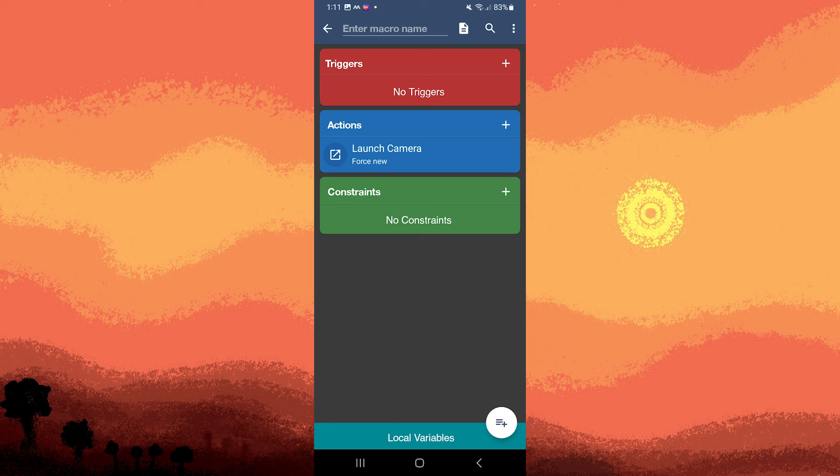MacroDroid allows you to create sophisticated automation sequences to streamline various tasks on your Android device.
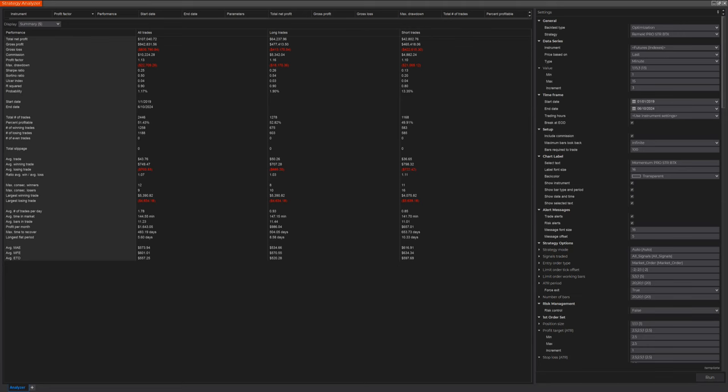As you know, optimization basically means we're asking a question, and the BTX strategy and NinjaTrader8 together will answer the question for us. Today, the question we're going to ask is, what would be the best timeframe for us to run our strategy on four US index futures between one and 15 minutes? Definitely intraday timeframes. Between one and 15 minutes, what would be the best timeframe to run the strategy on?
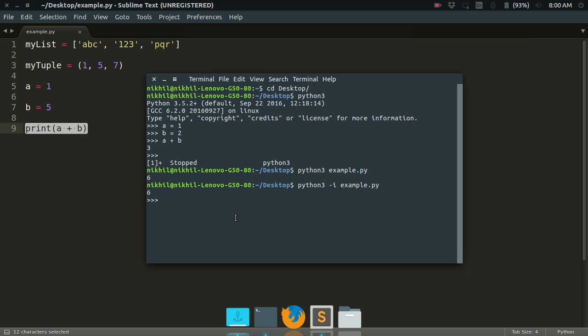So now you can access all the variables or the functions that were defined in your Python script. For example, I just type my list. So look at that, your list is available here for you. This one. Simply you can type my tuple.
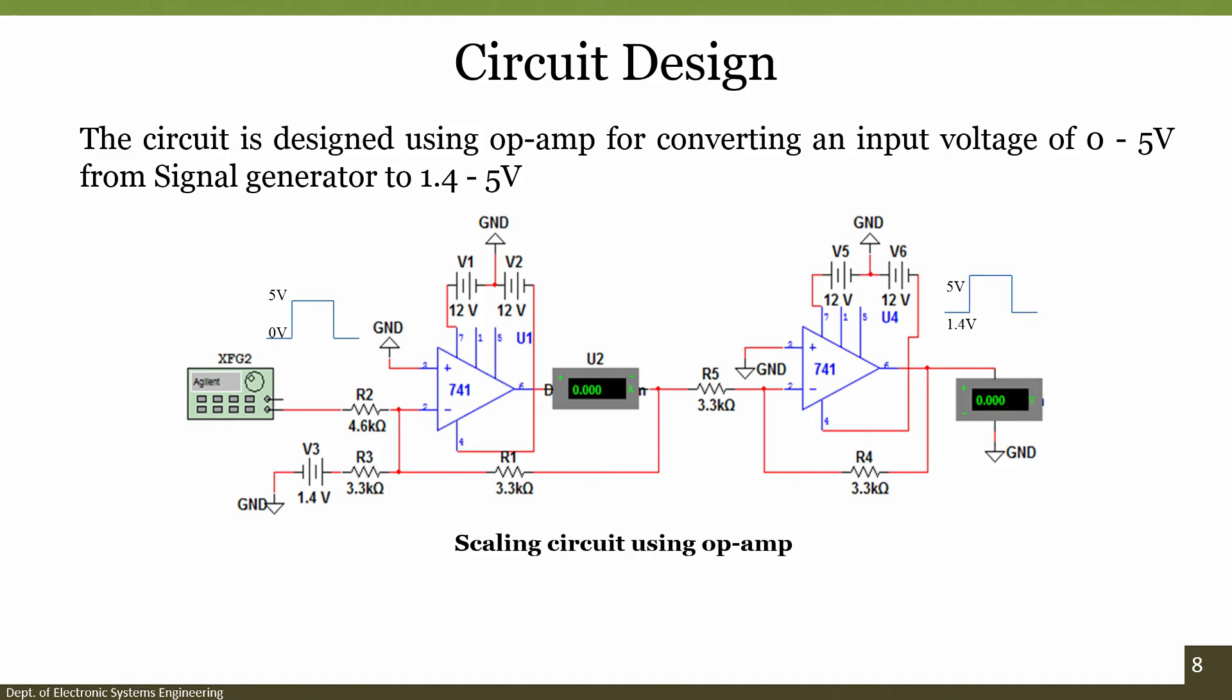In our case when we are talking about the MQ7 gas sensor, it operates between 2 voltage levels that is 1.4 volts and then 5 volts. From a given constant voltage from a function generator, how do we set up this differential voltage input?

□ □ □ □ □ □ □

GOAL OF THE EXERCISE - Each word of the data should be repeated exactly, and the pictures left out.

SOLUTION TO THIS PROBLEM -
MacroDroid allows you to create sophisticated automation sequences to streamline various tasks on your Android device.
As you know, optimization basically means we're asking a question, and the BTX strategy and NinjaTrader8 together will answer the question for us. Today, the question we're going to ask is, what would be the best timeframe for us to run our strategy on four US index futures between one and 15 minutes? Definitely intraday timeframes. Between one and 15 minutes, what would be the best timeframe to run the strategy on?
So now you can access all the variables or the functions that were defined in your Python script. For example, I just type my list. So look at that, your list is available here for you. This one. Simply you can type my tuple.
In our case when we are talking about the MQ7 gas sensor, it operates between 2 voltage levels that is 1.4 volts and then 5 volts. From a given constant voltage from a function generator, how do we set up this differential voltage input?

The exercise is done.